Join the Budget webinar
Notable announcements
Inheritance Tax
- The government has announced that unused allowance for agricultural and business property reliefs will be transferable between spouses and civil partners.
- This brings BPR/APR allowances in line with normal IHT allowances that everyone gets.
- For some, their effective allowance will now be £2 million not £1 million.
- Indexation: the government has delayed the indexing of the £1 million allowance to the Consumer Price Index (CPI) to 2031, one-year later than stated in the Finance Bill. Indexation of the reliefs has been an important ask we have put to government so, further delay is disappointing and will have the effect of pulling more and more businesses above the threshold at which full relief from IHT is removed.
Despite speculation in the press, there have been no changes to IHT gifting rules or CGT uplift on death.
However, in the detail of the Budget (in what’s known as The Red Book) there is commentary about anti-avoidance measures around IHT:
The government will legislate to prevent Inheritance Tax avoidance through certain loopholes, including ensuring UK agricultural property held via non-UK entities is treated as UK-situated addressing Budget 2025 changes in status of trust assets before and exit charge, and restricting charity exemptions to direct gifts to UK charities and clubs.
We will be following up with HM Treasury and HMRC to get more details on the specifics around these announcements.

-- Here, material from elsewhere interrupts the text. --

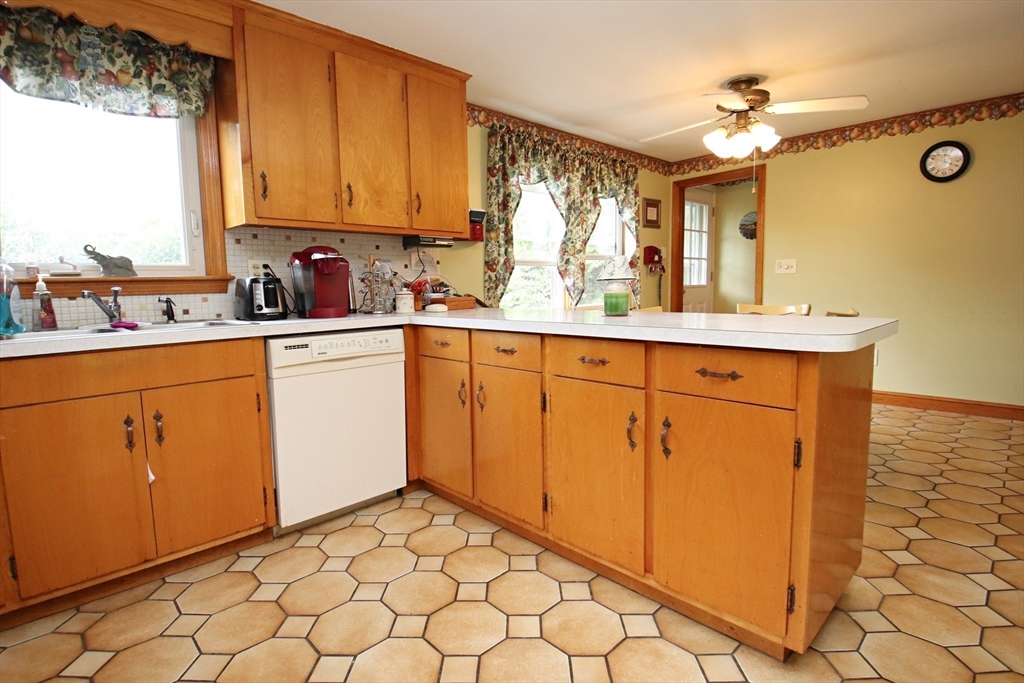 Saugus, Massachusetts 01906, United States, 3 Bedrooms Bedrooms, ,2 BathroomsBathrooms,Residential,Active,176910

Commenting on the changes announced to the rules on spousal transfers, FBUK CEO Neil Davy said
The Chancellor’s announcement allowing family business owners to transfer their £1m allowance between spouses is a welcome step and one of the proposals we asked the Government to consider.
But it represents a minor tweak to a policy that is doing enormous damage to private and family owned businesses and farms.
The changes to BPR and APR have led business owners to cut investment and stop hiring. Regardless of today’s concession, family businesses and farms are subject to a tax that no other model of business ownership has to pay.
The announcement is recognition that the Government got this policy wrong last year. Minor tweaks do not make it right. The right thing for government is to pause this policy and work with us to find a better solution than this damaging tax.
UK economic context at a glance
- The government forecasts UK GDP growth of 1.5% in 2025, up from 1.0% at the time of the previous spring forecast.
- The independent forecaster Office for Budget Responsibility (OBR) has lowered its medium-term productivity outlook by 0.3% to 1.0% by the end of the five-year period.
- The OBR has downgraded its forecast for business investment, with growth in investment averaging 0.75% a year between 2026-2030
- The government is on track to meet its fiscal rules: borrowing is forecast to fall, and public-sector debt (as a share of GDP) is set to decline by 2029–30.
- The government will ‘more than double’ the fiscal headroom against its stability rule to £21.7bn.